Revenons aux programmes et manuels conçus selon le modèle pavlovien. Leurs concepteurs et auteurs méconnaissent la pédagogie spécifique au cycle primaire. Ils n’ont qu’une seule obsession : respecter le protocole pédagogique dicté par la réforme de 2002.

À savoir, gaver le cerveau – plus exactement la mémoire – des écoliers. Les transformer en cobayes de Pavlov et… en perroquets. Ainsi façonnés, ces écoliers (et lycéens) arriveront à l’université ou dans le monde du travail avec le profil souhaité : dociles d’esprit, coureurs de bonnes notes chiffrées et privés d’esprit critique ou de sens d’initiative. Au bout du bout de la boucle, nous assistons à la pauvreté intellectuelle au sein de nos institutions et à la désertification de la scène culturelle. Point de consommateurs de produits culturels de qualité – pas seulement par faute de créateurs ou d’espace dédiés ! Rares sont les nouvelles étoiles dans le monde du théâtre, de la musique, de la littérature, du journalisme, de la danse... Ainsi a fonctionné, dès l’école et jusqu’à l’université, la “machine castratrice” qui verrouille l’esprit et tue dans l’œuf l’éclosion/développement des dons et potentialités de nos jeunes. 

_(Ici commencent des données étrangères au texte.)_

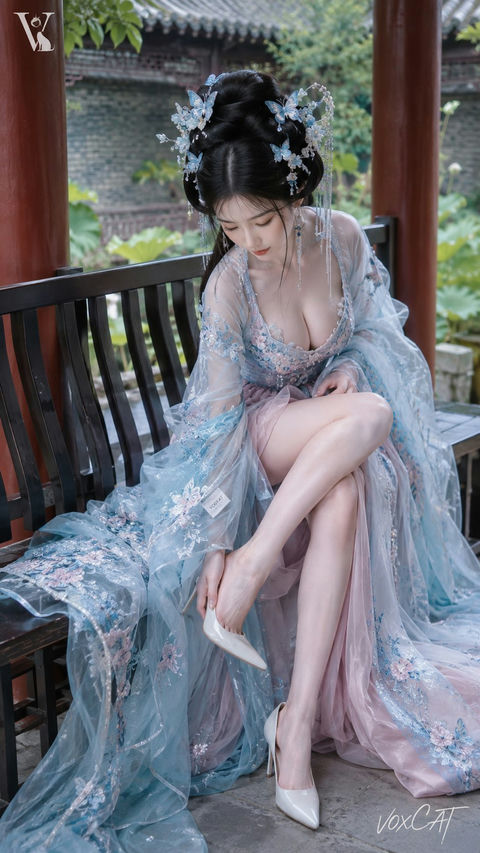 冰蓝汉服仕女园林回廊低头穿鞋写真 - AI图片提示词示例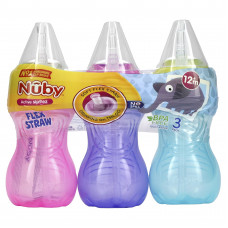 Nuby, Clik-it FlexStraw Cup, для детей от 12 месяцев, для девочек, 3 упаковки по 300 мл (10 унций)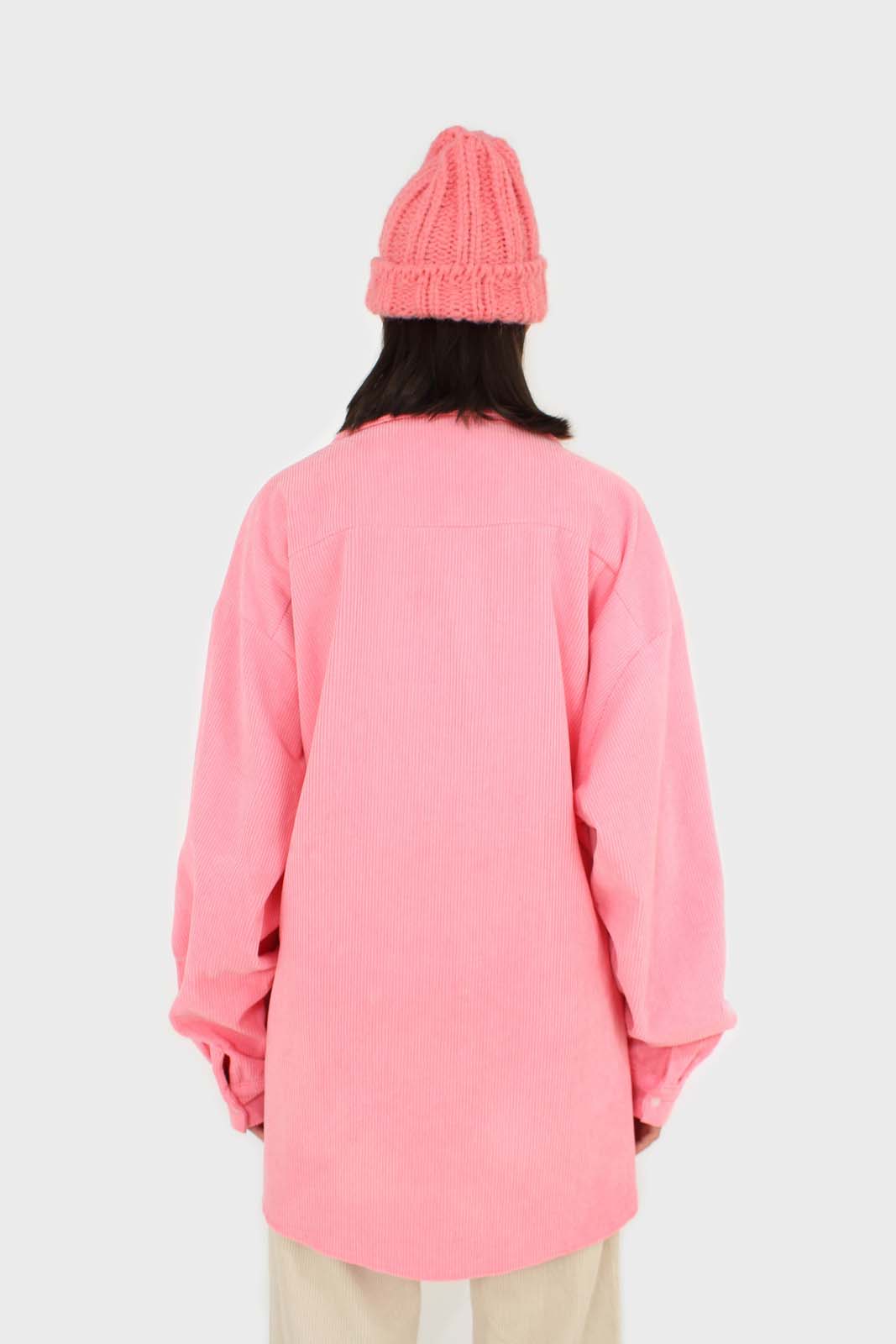 Neon pink corduroy oversized shirt_2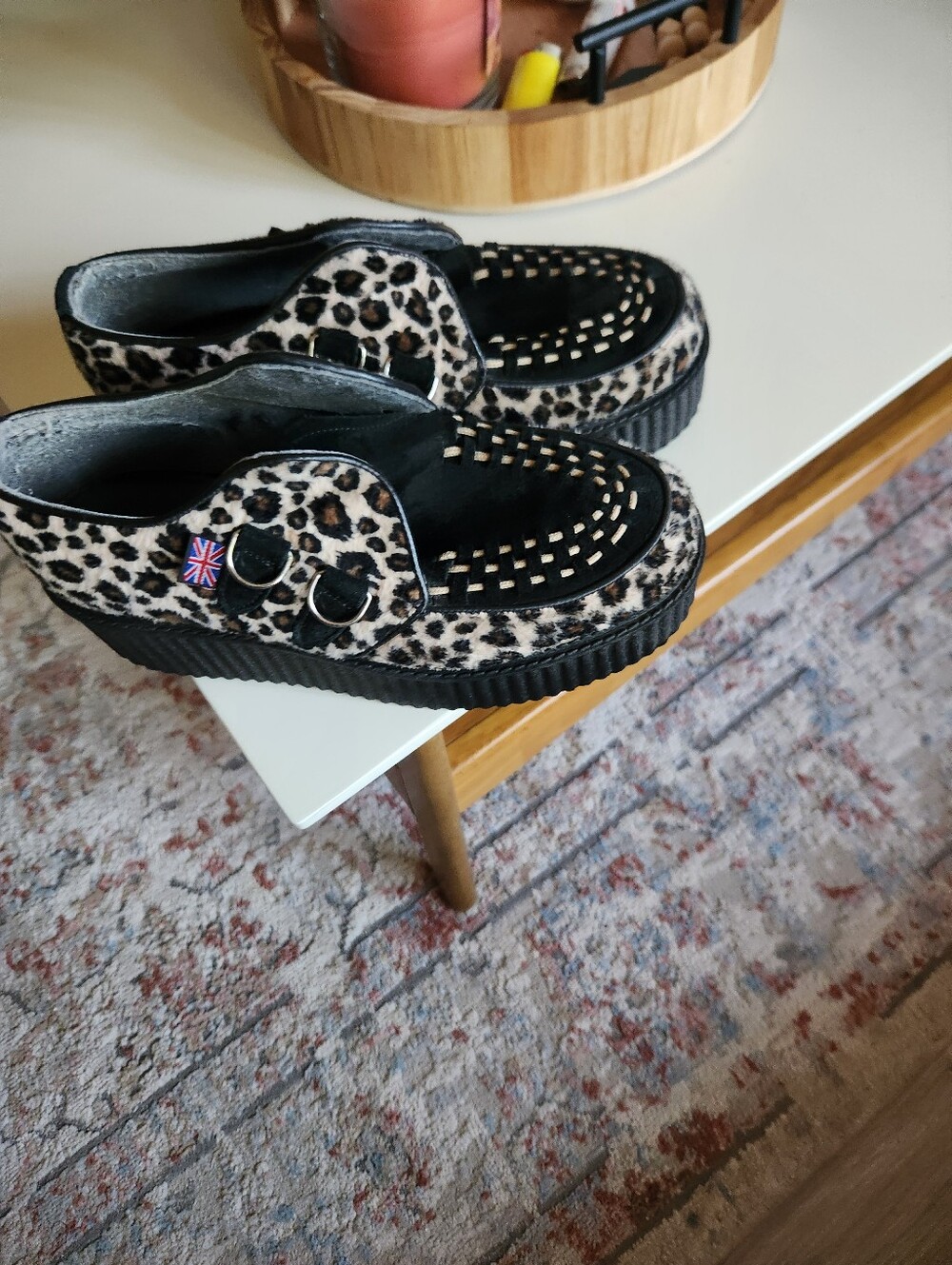 TUk Leopard Print Women’s Creeper Shoes - Black & Beige Size 6-6.5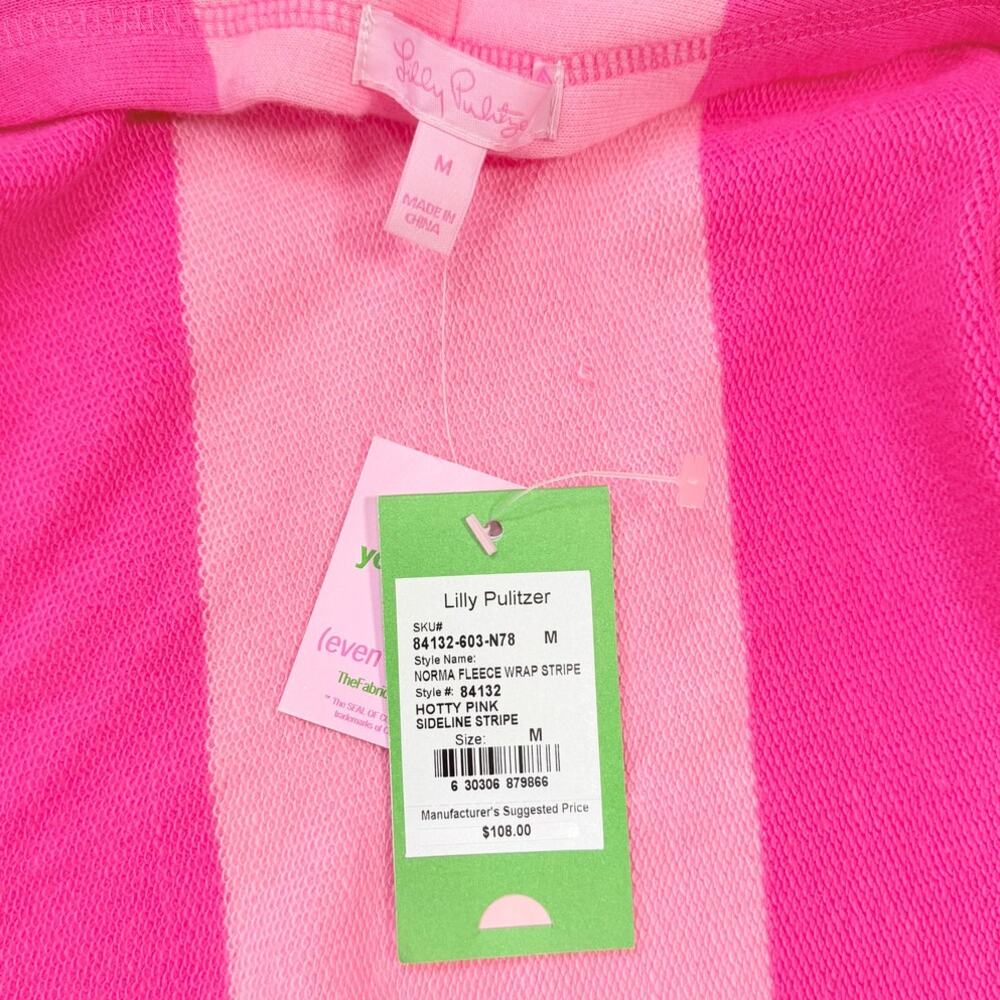Lilly Pulitzer Norma Fleece Wrap Stripe Cardigan Pink NWT Medium Preppy Cozy - Picture 7 of 13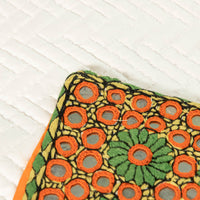 Indian Embroidered Pillowcases with Mirrors in Orange and Green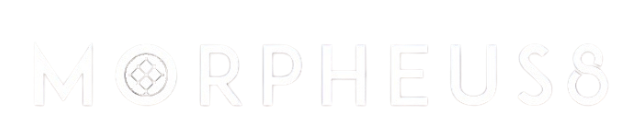 The logo for Morpheus8; a stylized, outlined wordmark in a pale gray color. The 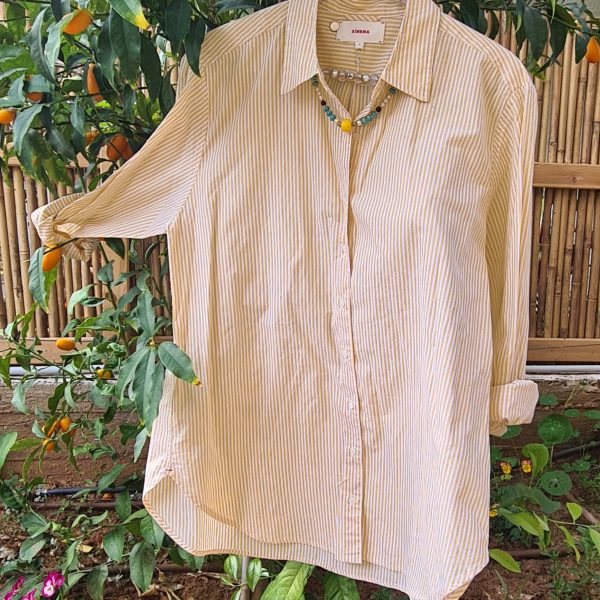 חולצת פסים צהובה מכופתרת XIRENA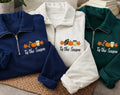 Tis the Season Football Embroidered Quarter Zip Sweatshirt, Fall Football Pullover Sweater, Pumpkin Spice Game Day Outfit, Festive Gift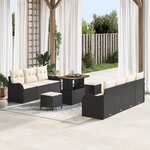 Canapé de Jardin de 10 pièces vidaXL avec Coussins en Poly Rotin Noir Acacia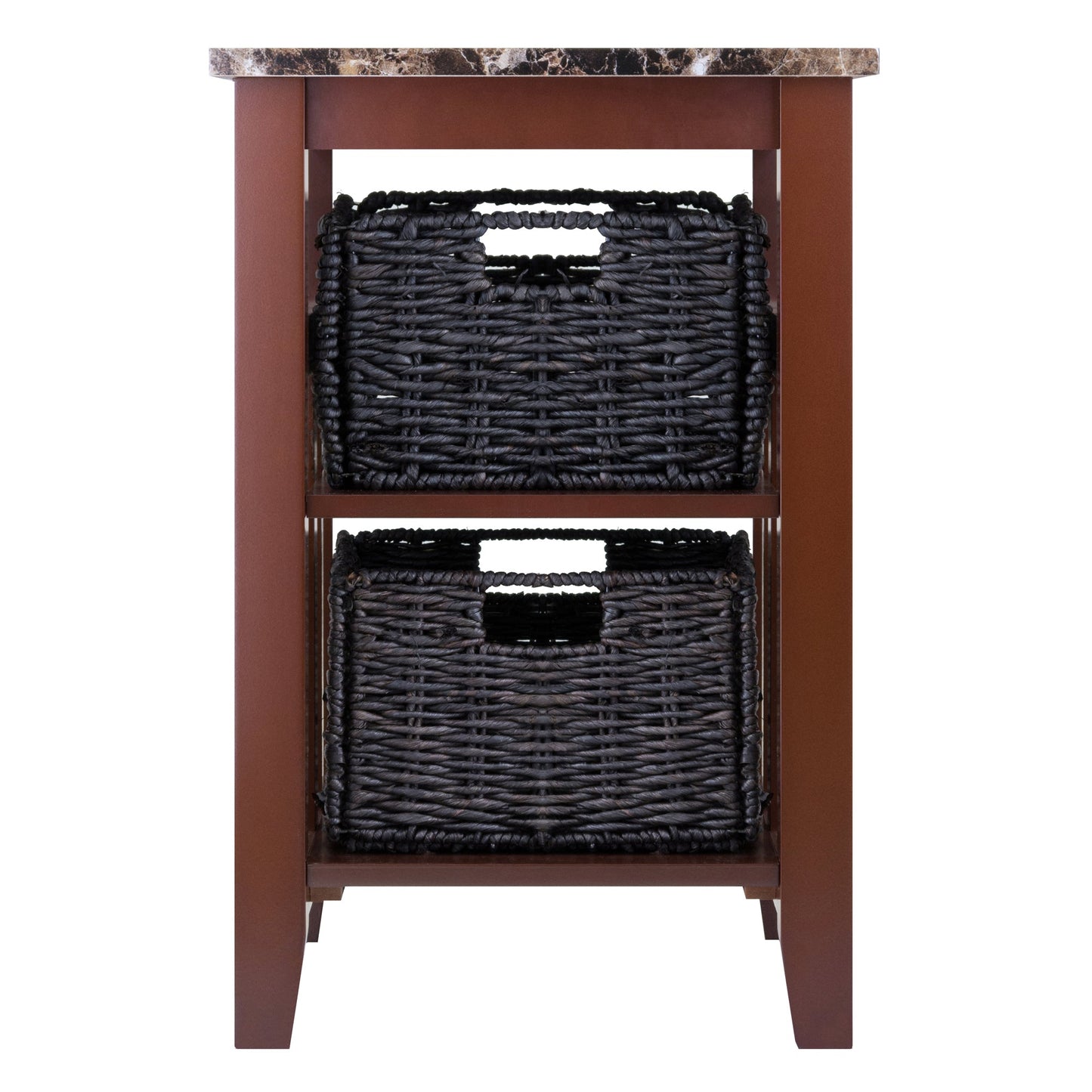 Zoey Accent Table with 2 Foldable Corn Husk Baskets, Faux Marble Top, Chocolate and Walnut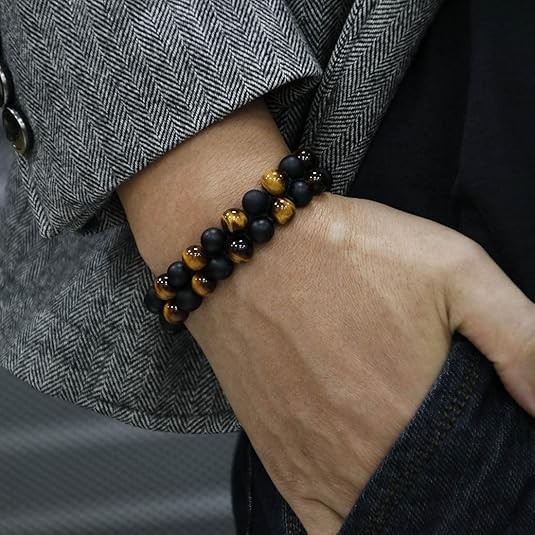 Triple Protection 8mm Natural Tiger Eye Onyx Lava Adjustable Beaded Bracelet Men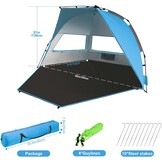 TAGVO Strandtent, waterdicht, draagbaar, voor 3-4 personen, zonwering, UPF 50+ ademende tent voor kamperen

Et pourtant, ils n’ont rien à envier à leurs pairs des pays développés, si on les prenait en charge selon les normes universelles dictées par la psychologie et la pédagogie. En parlant de psychologie, nous avons assisté, effarés, à des scènes où des doctorants de l’université algérienne disent ne pas connaître tel ou tel psychologue d’envergure mondiale et ignorer des rudiments de la psychopédagogie. Et de nous avouer de l’indigence de la documentation universitaire qui est mal traduite du français vers l’arabe – quand cette traduction existe. La documentation qui existe en arabe est égyptienne et traduite de l’anglais. Selon ces témoignages, il s’agirait de textes qui sont dépassés par les progrès de la psychologie.

Avec ces programmes pavloviens, nos enfants deviendront des citoyens passifs qui consommeront la culture indigeste sans broncher.  
C’est là le sort réservé aux élèves de l’École publique, celle du bon peuple. Les établissements scolaires privés, les classes spécifiques du lycée Bouamama ou les établissements relevant d’ambassades étrangères (école, collège et lycée) sont la chasse gardée des enfants de gens aisés socialement – y compris ceux, parrains de ce choix idéologico-pédagogique du “gavage de tête”. En décrétant l’école espace de mémorisation de leçons et d’automatismes (en maths, physiques) – et non pas d’épanouissement des fonctions intellectuelles supérieures (compréhension, analyse, synthèse, créativité, esprit critique) –, nous avons ouvert la boîte de Pandore de la mafia des neurones. La voie royale est tracée pour des charlatans sans foi ni loi et que rien ne fait reculer – pas même la Loi.